- **WHAT IS BEING ASKED**
A faithful copy of all the data is the goal; omit the pictures.

- **SOURCE MATERIAL**
----------

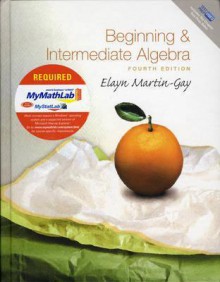 Beginning and Intermediate Algebra Plus MyMathLab Student Access Kit (4th Edition) - K. Elayn Martin-Gay, Martin-Gay Martin-Gay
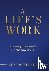 A Life's Work - Learning to...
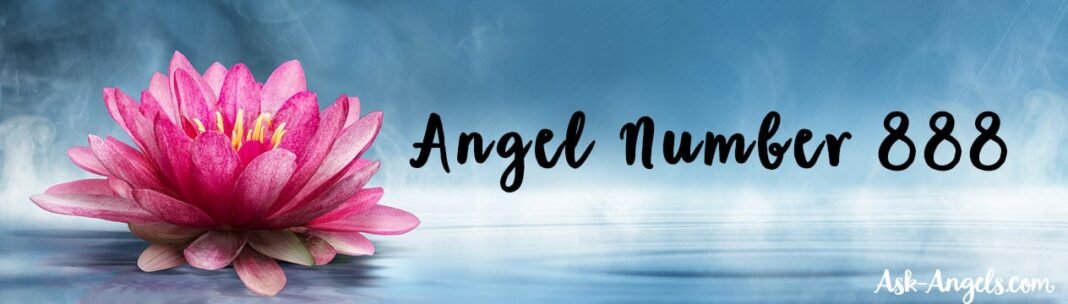 7 Meanings Of Angel Number 888 – Learn Why You Are Seeing It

----------

- **TASK OUTPUT**
 Beginning and Intermediate Algebra Plus MyMathLab Student Access Kit (4th Edition) - K. Elayn Martin-Gay, Martin-Gay Martin-Gay
 A Life's Work - Learning to...
 7 Meanings Of Angel Number 888 – Learn Why You Are Seeing It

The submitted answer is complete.